Jones realises that Mainwaring and Wilson cannot hang on much longer, so he proposes an elaborate plan to remove the bomb from them. He and the others build a makeshift pulley in the office and tie the bomb to a piece of rope to pull it up, but in the process, it takes Jones with it.

Later, they all have a drink in the pub, and West congratulates the platoon for saving the bank. Mrs Pike rushes in and offers her compliments to Mainwaring and Wilson.
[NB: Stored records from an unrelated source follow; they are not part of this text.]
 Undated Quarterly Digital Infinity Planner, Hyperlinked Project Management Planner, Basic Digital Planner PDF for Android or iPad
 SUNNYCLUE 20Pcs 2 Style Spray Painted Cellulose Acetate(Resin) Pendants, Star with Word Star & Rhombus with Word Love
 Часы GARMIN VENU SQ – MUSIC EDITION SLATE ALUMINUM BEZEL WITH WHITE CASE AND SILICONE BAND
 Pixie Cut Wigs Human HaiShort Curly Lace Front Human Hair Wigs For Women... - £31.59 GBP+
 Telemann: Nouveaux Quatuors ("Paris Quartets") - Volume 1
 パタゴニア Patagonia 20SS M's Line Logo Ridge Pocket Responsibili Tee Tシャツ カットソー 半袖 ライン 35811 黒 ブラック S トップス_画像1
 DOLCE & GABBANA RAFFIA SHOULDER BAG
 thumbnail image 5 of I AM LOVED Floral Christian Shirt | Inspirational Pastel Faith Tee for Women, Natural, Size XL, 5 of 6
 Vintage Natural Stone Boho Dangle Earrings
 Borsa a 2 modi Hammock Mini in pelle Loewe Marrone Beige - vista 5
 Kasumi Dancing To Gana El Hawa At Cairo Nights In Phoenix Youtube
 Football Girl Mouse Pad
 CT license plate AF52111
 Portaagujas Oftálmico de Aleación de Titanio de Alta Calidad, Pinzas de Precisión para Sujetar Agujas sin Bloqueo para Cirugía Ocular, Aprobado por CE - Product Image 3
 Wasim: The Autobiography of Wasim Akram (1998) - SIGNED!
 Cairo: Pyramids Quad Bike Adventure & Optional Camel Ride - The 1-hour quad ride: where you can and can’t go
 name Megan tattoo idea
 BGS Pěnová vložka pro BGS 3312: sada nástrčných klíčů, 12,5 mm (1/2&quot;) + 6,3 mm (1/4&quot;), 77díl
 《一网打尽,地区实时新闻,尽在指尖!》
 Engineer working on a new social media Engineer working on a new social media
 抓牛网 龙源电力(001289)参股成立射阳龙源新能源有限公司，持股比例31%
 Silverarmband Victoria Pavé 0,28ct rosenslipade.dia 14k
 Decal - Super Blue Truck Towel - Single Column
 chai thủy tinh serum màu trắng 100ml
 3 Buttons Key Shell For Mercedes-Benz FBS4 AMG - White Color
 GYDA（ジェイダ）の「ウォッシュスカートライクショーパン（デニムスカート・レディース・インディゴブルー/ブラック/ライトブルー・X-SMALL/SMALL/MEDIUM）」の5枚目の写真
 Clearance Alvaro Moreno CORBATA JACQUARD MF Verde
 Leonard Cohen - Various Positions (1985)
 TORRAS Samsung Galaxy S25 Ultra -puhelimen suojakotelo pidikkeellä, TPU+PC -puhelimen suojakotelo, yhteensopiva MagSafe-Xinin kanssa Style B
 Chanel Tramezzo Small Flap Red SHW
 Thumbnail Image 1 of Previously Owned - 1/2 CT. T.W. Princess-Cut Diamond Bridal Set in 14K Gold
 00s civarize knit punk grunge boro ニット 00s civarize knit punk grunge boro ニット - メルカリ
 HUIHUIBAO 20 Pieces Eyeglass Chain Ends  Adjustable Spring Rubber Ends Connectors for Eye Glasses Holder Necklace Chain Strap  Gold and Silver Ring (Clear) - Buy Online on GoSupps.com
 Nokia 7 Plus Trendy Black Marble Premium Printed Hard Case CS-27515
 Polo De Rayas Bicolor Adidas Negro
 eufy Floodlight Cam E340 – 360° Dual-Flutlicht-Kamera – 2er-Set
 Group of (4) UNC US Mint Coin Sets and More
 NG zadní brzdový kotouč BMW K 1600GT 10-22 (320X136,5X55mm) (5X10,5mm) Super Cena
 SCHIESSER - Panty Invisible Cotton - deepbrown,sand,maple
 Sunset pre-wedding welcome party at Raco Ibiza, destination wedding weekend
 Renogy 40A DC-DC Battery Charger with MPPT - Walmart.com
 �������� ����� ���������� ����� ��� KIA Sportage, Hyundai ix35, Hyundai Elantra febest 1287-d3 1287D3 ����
West offers to pay for the drinks, but the note he uses is a dud, so Walker pays it with some money he nabbed from the bank.

==Cast==

- Arthur Lowe as Captain Mainwaring
- John Le Mesurier as Sergeant Wilson
- Clive Dunn as Lance Corporal Jones
- John Laurie as Private Frazer
- James Beck as Private Walker
- Arnold Ridley as Private Godfrey
- Ian Lavender as Private Pike
- Bill Pertwee as ARP Warden Hodges
- Janet Davies as Mrs Pike
- Robert Dorning as Mr West, the Bank Inspector
- Norman Mitchell as Captain Rogers

==Notes==
1. This episode was originally titled "Don't Let Go".
2. According to a cut scene (reinstated in the radio adaptation), this episode is set exactly one year after "The Man and the Hour", placing it on 14 May 1941.
3. Jones slips up at one point when he refers to Captain Rogers as Major Rogers, although he is clearly wearing the three pips of a captain.
4. Captain Rogers identifies the bomb as an SC50.
5. Mr West, who appears here played by Robert Dorning, would later appear in the Series 4 episode A. Wilson (Manager)? played by Blake Butler.
6. As the staff return from the air raid Mr West tries to hang his hat on the hat stand but it falls down the back.

==Radio episode==
In addition to John Snagge's regular role as announcer and newsreader, John Barron featured as Mr West, Frank Thornton as Captain Rogers, and Elizabeth Morgan as Janet King.

Rather than Walker's dud £5 note, Mr West is simply made to wait outside Mainwaring's office. The scene with the platoon refusing to leave was omitted, together with the characters of Privates Godfrey and Walker, and the episode ends with Wilson telling Mainwaring and Jones they should get the hell out of there, the visual gag of Jones getting caught up with the bomb and the pub scene being omitted.